Philippines marks Easter with crucifixions

SAN JUAN, Philippines - Christian devotees were nailed to crosses in the Philippines on Friday as Asia's Catholic heartland marked Easter with an extreme display of faith.

The gory crucifixions played out in dusty fields throughout the day with thousands of spectators looking on, and as other penitents flogged themselves bloody with whips.

Men dressed as soldiers of the Roman Empire hammered large metal spikes through the hands and feet of Willy Salvador, who grimaced in silence as he lay with his arms spread atop a wooden cross.

"This is my personal way of thanking Him (God) for healing me," the 59-year-old fisherman told AFP, moments before being dragged barefoot through the streets of San Juan village.

"I know you would not believe me, but God helped me recover from a nervous breakdown," said Salvador, who added he had been doing it every year since 2006.

Ritual crucifixions are among the Catholic world's most extreme forms of worship and are done as part of Good Friday celebrations in some small villages in the Philippines, home to 80 million-plus Catholics.

They are held to re-enact the crucifixion of Jesus Christ, whom Christians believe was put to death so humanity could be cleansed of its sins.

The nails go through both hands and both feet, but do not bear the weight of the penitents, who spend only a few minutes on the cross before being taken down and having their bloody wounds treated.

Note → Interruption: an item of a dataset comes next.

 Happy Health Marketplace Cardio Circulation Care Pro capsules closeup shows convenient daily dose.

After Salvador, it was the turn of street vendor Alex Daranang, whose 20th crucifixion fell on the eve of his 60th birthday.

"The wounds heal fast," the gap-toothed grandfather told AFP.

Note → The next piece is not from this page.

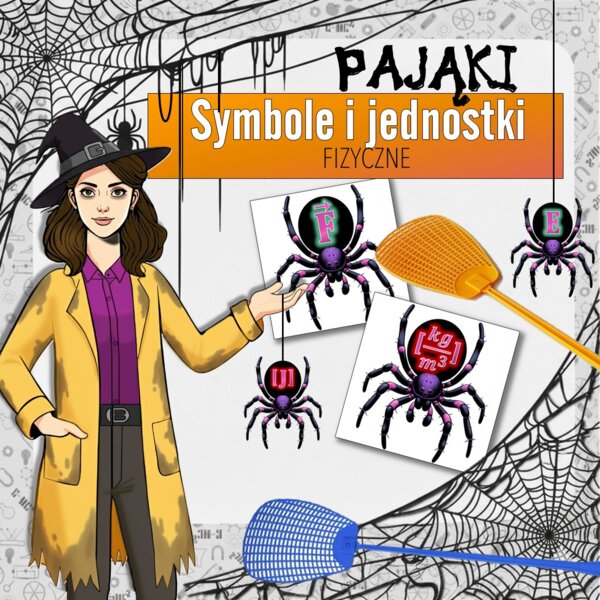 Podstawy fizyki: Symbole i jednostki fizyczne – Gra karciana, MUCHY (fizyka, kl 7/8). Halloween.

"In two days they are practically healed."

The act is frowned upon by the church, but has become a major tourist attraction.

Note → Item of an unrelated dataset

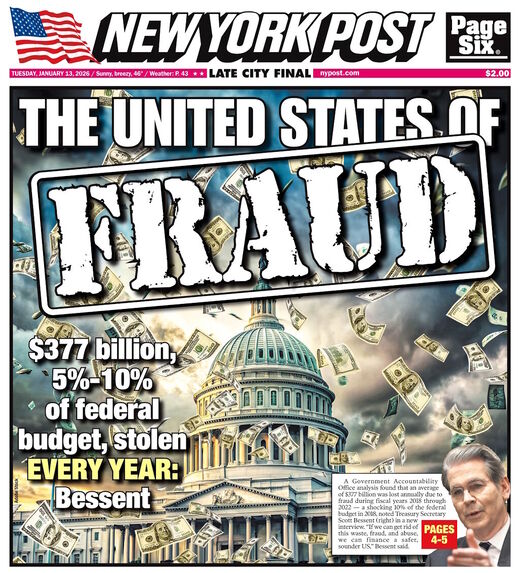 new york post cover us budget fraud losses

Several thousand sightseers, including more than a dozen Western tourists, descended on the nearby village of San Pedro to witness the mock crucifixions and other extreme forms of piety.

Motivational speaker Benjie Pazcoguin said "there is a symbolic meaning to these crucifixions. Definitely, it reinforces my faith."

"I will come to see it again next year," he said, despite the gore.

Around a knoll where three tall wooden crosses awaited the San Pedro devotees, vendors did brisk business selling souvenir shirts, hats, soft drinks and food.

A giant television screen displayed the macabre events to the rest of the crowd, who shielded themselves from the heat with bright-coloured umbrellas.

On the sun-scalded pavements of the village streets, hundreds of shoeless men, their faces shrouded in black cloths, shuffled in slow processions as they lashed their own backs with whips tipped with bamboo strips.

The men stopped in unison occasionally to lie face down on the pavement, handing over the whips to assistants who administered more punishment.

Blood splattered on the spectators, while one of the penitents sank to his knees and began to throw up.

"You actually feel good, because you know some of your sins are being forgiven," construction worker Joel Yutoc, 23, told AFP as he sucked on a cigarette after the ordeal.

The extreme practices serve as an alternative to acts of Good Friday penance prescribed by the church, such as abstaining from work or from eating meat, and visiting a series of churches on foot to pray.

"The church discourages these acts because Jesus Christ had already undergone that for all of us. There is no need to repeat it," Father Douglas Badong, rector of the Quiapo Catholic church in central Manila told AFP.

But San Juan village chief Claro Tolentino said crucifixions and self-flagellations were part of the culture of the country, which was converted to Catholicism during the 16th century Spanish colonial conquest.

"This is the culture that we were born into. Everyone should respect the culture and beliefs of our people," he added.